Beginning in the 1800s and lasting into the 20th century, Native children were forcibly removed from their families and sent to live in boarding schools. Finding the task of “civilizing” Native adults beyond its ability, the federal government delegated the task of “normalization” to churches, which could educate, or, inculcate, children from a young age.

Initially, these schools were placed close enough to the reservation that a child could return home on weekends. Though, when it was learned they were still able to practice their culture at home with their families, the children were sent to boarding schools, often thousands of miles away, to guarantee they were entirely stripped of their traditions and family ties.

In 1872, the Board of Indian Commissioners, a body of religious men established by Congress to undertake the “Christianization” of Native Americans, allotted 73 Indian agencies to various Christian denominations. Among them were Methodist, Presbyterian, Episcopalian, Catholic, Baptist, Unitarian, and Lutheran churches. Each denomination was responsible for the supervision of Indian boarding schools within its given territory, and was complicit in carrying out policies of cultural genocide that played out in the classroom.

Native schoolchildren were taught to be ashamed of their identity. Students were carefully conditioned to reject their Indian-ness. Their hair was cut, and they were forced to be dressed in the dominant white culture fashion, forced to abandon their native languages, forbidden to use their native names, and taught to repudiate their “pagan” traditions.

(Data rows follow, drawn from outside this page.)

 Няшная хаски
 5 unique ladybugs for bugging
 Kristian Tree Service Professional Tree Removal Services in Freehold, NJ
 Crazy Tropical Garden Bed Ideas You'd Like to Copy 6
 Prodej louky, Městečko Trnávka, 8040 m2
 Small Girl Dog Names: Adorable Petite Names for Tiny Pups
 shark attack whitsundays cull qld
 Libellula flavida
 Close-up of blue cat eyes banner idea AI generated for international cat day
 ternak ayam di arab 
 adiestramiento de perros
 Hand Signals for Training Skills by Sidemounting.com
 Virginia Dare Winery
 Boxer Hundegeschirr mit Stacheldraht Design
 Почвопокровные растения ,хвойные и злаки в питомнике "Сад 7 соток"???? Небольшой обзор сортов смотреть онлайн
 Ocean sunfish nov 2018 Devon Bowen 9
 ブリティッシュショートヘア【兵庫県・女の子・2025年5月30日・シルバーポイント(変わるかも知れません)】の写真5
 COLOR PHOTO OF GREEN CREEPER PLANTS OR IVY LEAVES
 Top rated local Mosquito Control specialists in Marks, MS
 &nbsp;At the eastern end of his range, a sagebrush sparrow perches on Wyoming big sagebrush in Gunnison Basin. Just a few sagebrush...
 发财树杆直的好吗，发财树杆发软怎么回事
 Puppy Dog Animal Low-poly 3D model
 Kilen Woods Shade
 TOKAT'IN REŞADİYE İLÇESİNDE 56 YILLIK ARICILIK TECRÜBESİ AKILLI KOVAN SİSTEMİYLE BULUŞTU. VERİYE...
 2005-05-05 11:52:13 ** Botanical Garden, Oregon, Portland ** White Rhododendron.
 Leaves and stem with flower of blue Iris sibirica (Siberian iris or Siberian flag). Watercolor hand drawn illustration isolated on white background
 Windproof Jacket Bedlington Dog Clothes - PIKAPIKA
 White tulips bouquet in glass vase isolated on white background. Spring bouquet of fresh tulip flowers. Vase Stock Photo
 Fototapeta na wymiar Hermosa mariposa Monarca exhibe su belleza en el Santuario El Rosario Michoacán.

The religious people handed out Physical, emotional, and sexual abuses. These were documented at Christian-run Indian boarding schools. Student punishments included beatings, physical restraints, and isolation in dark cellars.  The Christians tortured and tortured these young children, and teenagers.

The government intentionally allowed over-enrollment which led to unhealthy living conditions. Deficient supplies and unsanitary conditions resulted in lack of food and high rates of illness. The death rate for children at Carlisle Indian School in Pennsylvania was 3.5-4.5 times the national average at that time. Which was bad to say the least. Survivors report that the dead were buried anonymously in mass graves, sometimes on school grounds. Apparently, the “kill the Indian, save the man” mantra of Capt. Richard Pratt, Civil War volunteer and founder of Carlisle Indian Industrial School, proved ominously true.

After returning to the reservation from years of abuse the victims felt isolated and detached from their Indian culture. Going back into to their native homes left them with a sense of self-loathing. Loss of language and the knowledge of tribal history and traditions made it a struggle to re-assimilate. With these deficits, along with a history of abuse they suffered at school, many of the students turned to alcohol, drugs, and suicide to relieve their pain. Some became violent toward their own families. These young people and the Native American people lost generations of history, family, and well being.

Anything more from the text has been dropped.